Problem description:
Without copying the images, write out all the entries below verbatim.

%%

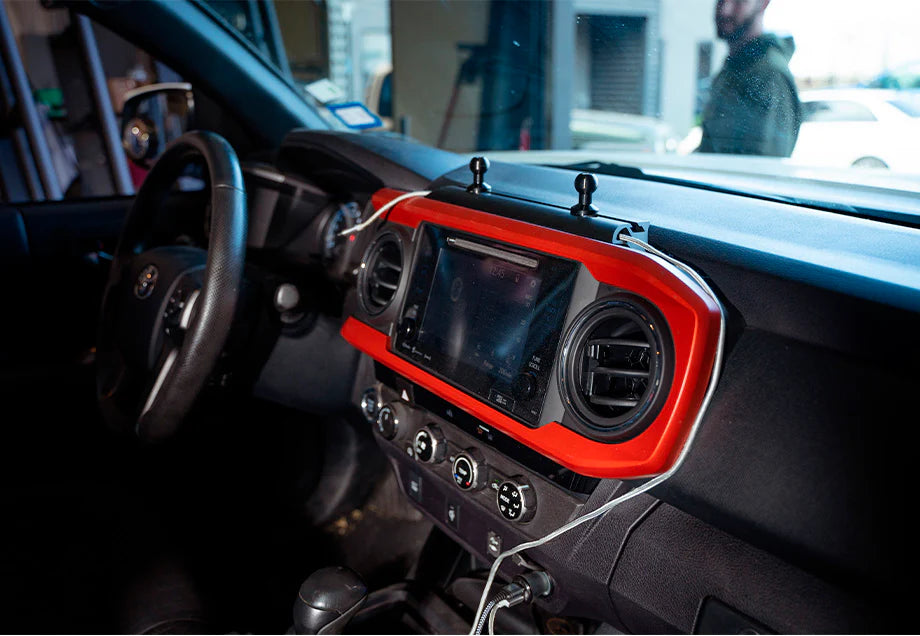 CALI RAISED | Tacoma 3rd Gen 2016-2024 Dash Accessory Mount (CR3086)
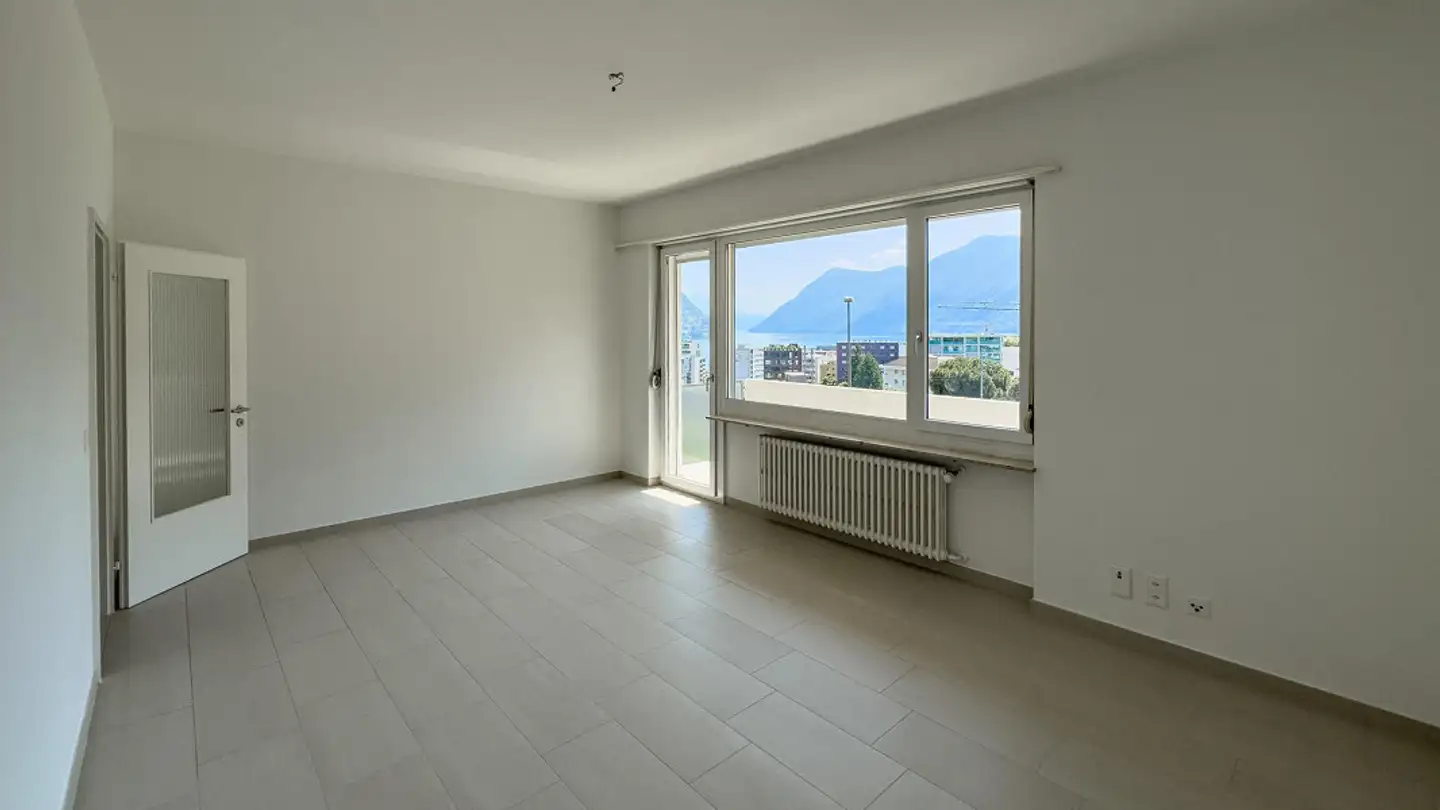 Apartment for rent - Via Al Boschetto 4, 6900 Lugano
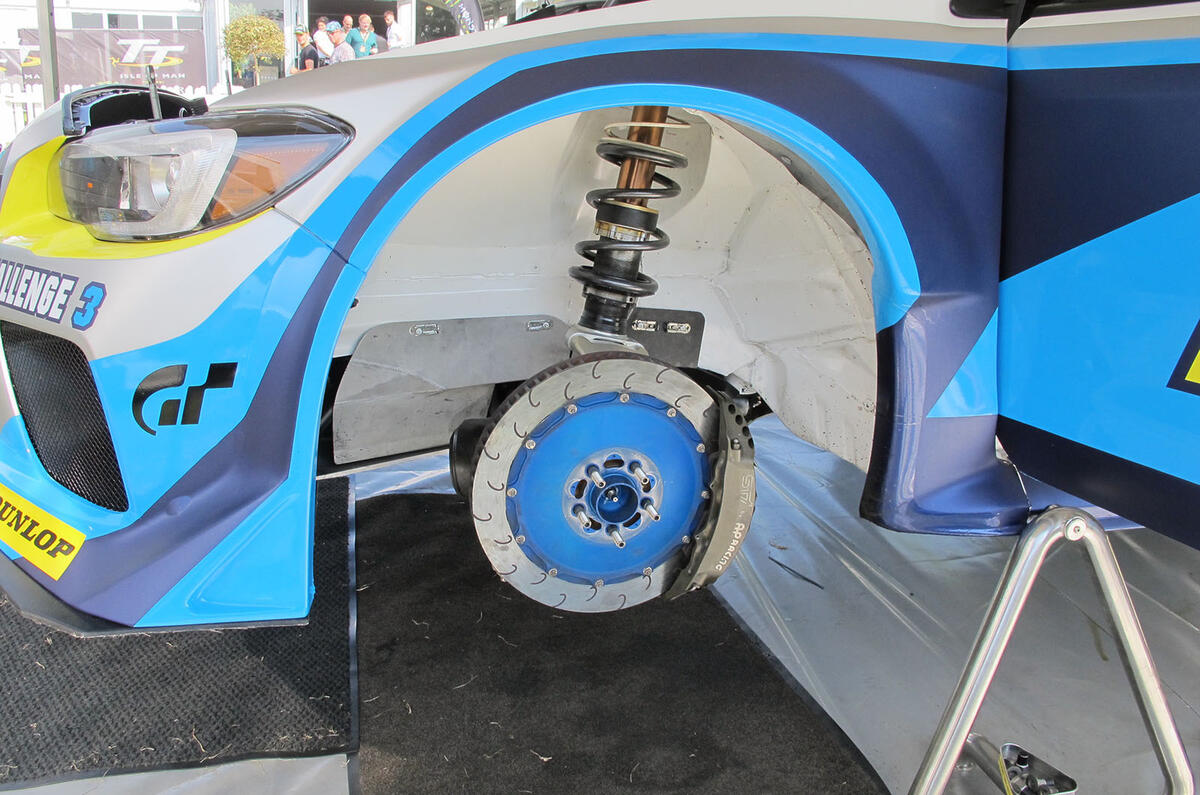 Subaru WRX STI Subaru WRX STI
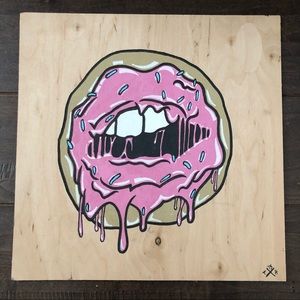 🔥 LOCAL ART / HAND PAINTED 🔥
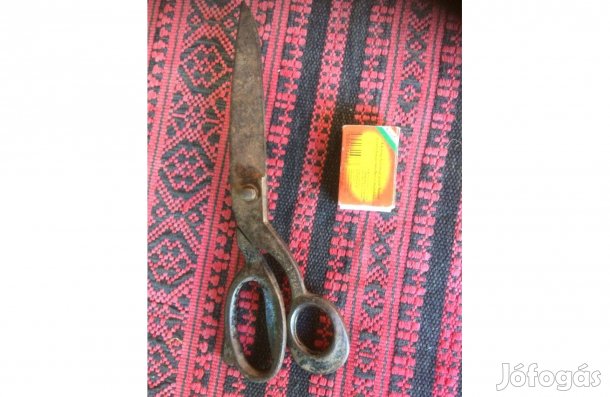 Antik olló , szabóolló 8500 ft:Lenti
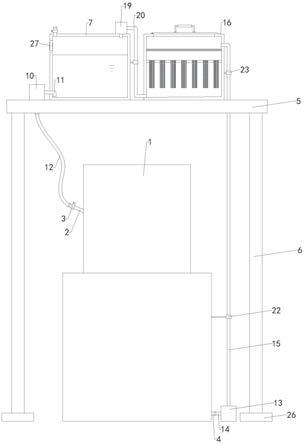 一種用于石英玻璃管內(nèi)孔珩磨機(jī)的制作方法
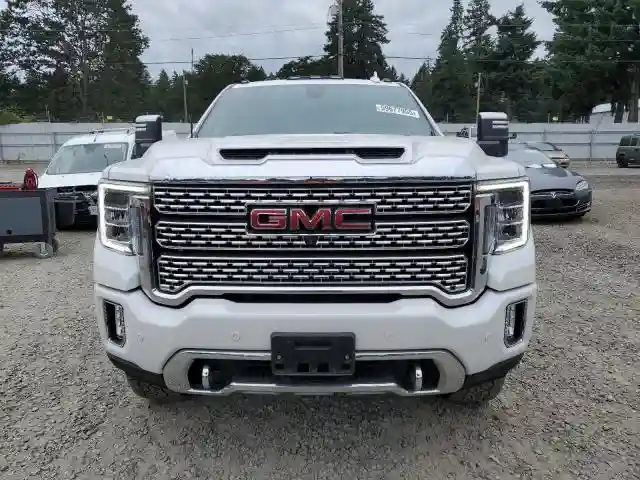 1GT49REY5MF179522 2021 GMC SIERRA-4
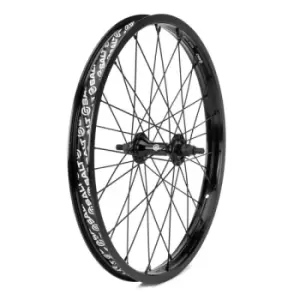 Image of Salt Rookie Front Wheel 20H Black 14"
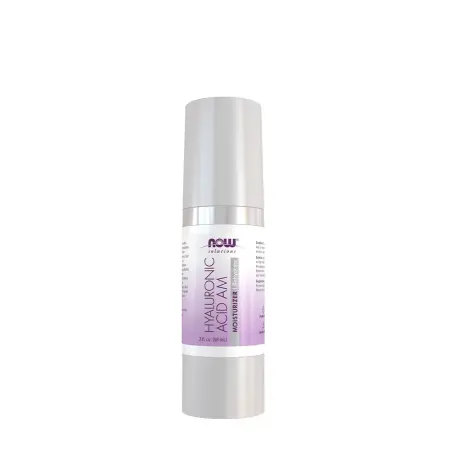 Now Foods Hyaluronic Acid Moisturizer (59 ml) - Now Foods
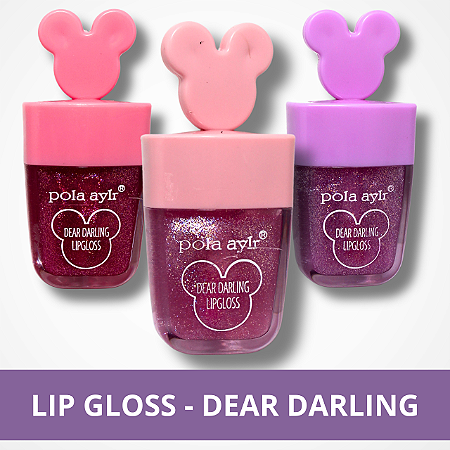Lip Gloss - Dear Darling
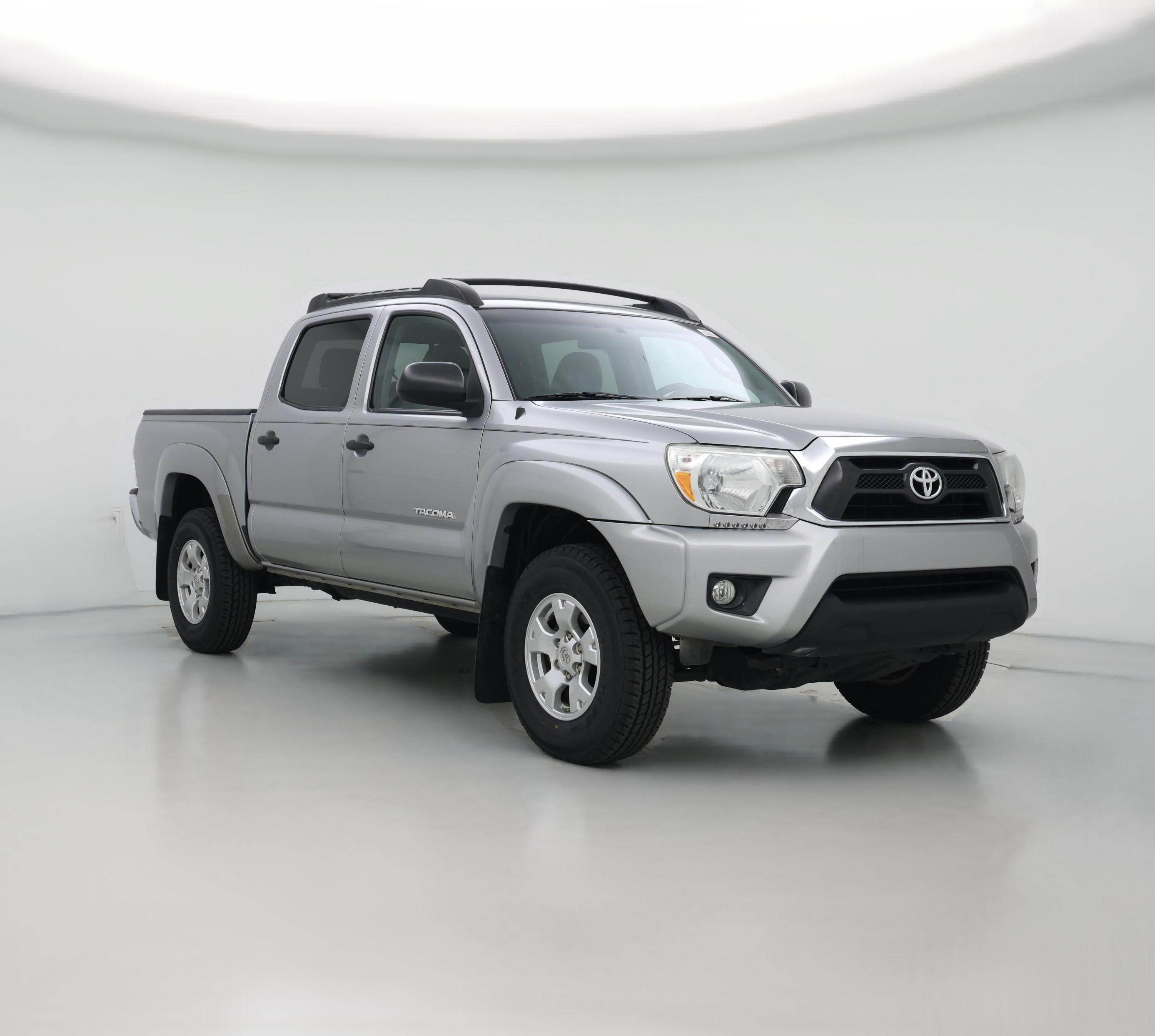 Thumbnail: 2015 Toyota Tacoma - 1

%%

Solved problem:
 CALI RAISED | Tacoma 3rd Gen 2016-2024 Dash Accessory Mount (CR3086)
 Apartment for rent - Via Al Boschetto 4, 6900 Lugano
 Subaru WRX STI Subaru WRX STI
 🔥 LOCAL ART / HAND PAINTED 🔥
 Antik olló , szabóolló 8500 ft:Lenti
 一種用于石英玻璃管內(nèi)孔珩磨機(jī)的制作方法
 1GT49REY5MF179522 2021 GMC SIERRA-4
 Image of Salt Rookie Front Wheel 20H Black 14"
 Now Foods Hyaluronic Acid Moisturizer (59 ml) - Now Foods
Lip Gloss - Dear Darling
 Thumbnail: 2015 Toyota Tacoma - 1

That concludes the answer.